**Given records**
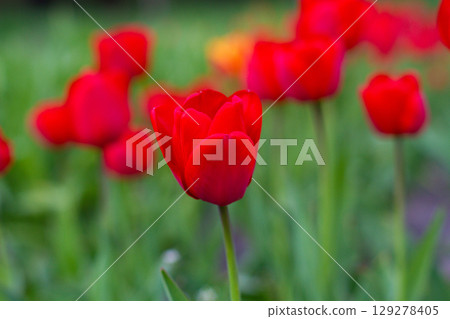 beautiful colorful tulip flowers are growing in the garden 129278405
* * *
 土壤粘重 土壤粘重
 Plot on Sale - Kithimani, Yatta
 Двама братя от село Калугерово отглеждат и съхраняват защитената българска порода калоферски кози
==
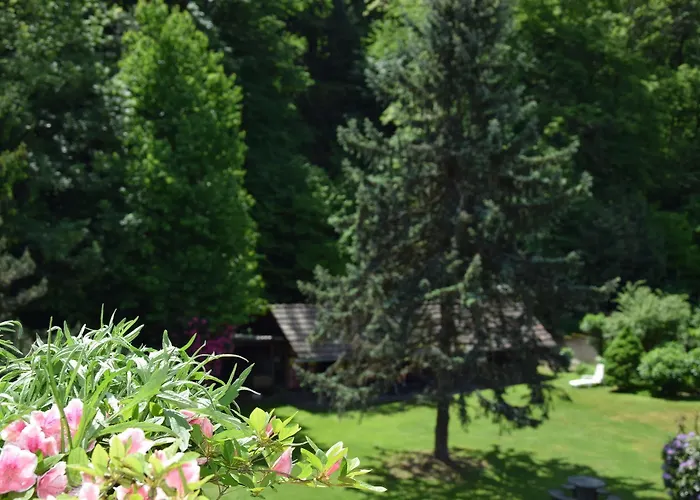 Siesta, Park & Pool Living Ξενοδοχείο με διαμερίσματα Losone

**Task directions**
The response should hold exactly the lines starting at the line with "Plot on Sale - Kithimani, Yatta" and ending at the line with "Двама братя от", and no other line of the material above.

**Answer for this exercise**
 Plot on Sale - Kithimani, Yatta
 Двама братя от село Калугерово отглеждат и съхраняват защитената българска порода калоферски кози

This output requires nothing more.